O último terceto é também genial pois, numa compreensão de que Deus pode brotar em nós enquanto essência ou destilação das nossas lágrimas, e enquanto imaginação ou idealização das nossas melhores aspirações, pede-Lhe que, já que na Terra, nos templos e religiões não se encontra facilmente, ao menos como uma visão no céu lhe possa aparecer, visão interior pelo olho espiritual ou visão extraordinária ou miraculosa no céu exterior.
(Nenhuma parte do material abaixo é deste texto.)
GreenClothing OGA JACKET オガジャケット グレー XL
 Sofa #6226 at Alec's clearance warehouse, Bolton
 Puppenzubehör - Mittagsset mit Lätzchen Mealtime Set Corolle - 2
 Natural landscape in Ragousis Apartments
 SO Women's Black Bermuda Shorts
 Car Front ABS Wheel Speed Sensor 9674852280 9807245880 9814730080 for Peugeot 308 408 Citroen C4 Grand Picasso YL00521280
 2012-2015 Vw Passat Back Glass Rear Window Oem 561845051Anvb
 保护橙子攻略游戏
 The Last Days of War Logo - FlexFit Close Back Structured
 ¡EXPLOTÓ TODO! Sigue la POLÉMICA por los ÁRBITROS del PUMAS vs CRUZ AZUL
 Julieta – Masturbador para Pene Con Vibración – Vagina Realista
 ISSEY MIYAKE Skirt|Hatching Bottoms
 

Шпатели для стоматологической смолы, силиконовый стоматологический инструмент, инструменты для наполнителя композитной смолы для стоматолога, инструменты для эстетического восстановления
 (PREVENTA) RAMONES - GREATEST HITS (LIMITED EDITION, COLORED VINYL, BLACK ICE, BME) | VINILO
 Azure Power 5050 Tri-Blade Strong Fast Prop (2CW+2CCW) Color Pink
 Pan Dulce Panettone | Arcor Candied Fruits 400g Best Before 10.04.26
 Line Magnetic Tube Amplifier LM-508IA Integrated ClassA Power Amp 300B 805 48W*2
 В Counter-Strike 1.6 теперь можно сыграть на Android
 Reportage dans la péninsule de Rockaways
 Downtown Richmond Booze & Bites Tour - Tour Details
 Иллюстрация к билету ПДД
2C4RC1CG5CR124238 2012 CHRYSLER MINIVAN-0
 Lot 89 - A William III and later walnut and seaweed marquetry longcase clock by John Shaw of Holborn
Sabemos que Antero de Quental não foi agraciado com tal desvendação divina, embora certamente tenha tido as suas iluminações relativas, sobretudo conceptuais mas também algumas, religiosas, poéticas e afectivas nos seus tempo mais juvenis. Foi assim avançando para a sua amiga Morte, corajosamente mas sem plenitude de despertar espiritual, antes suspirando ou até esperando por descanso para os seus nervos e alma abnegados e desiludidos.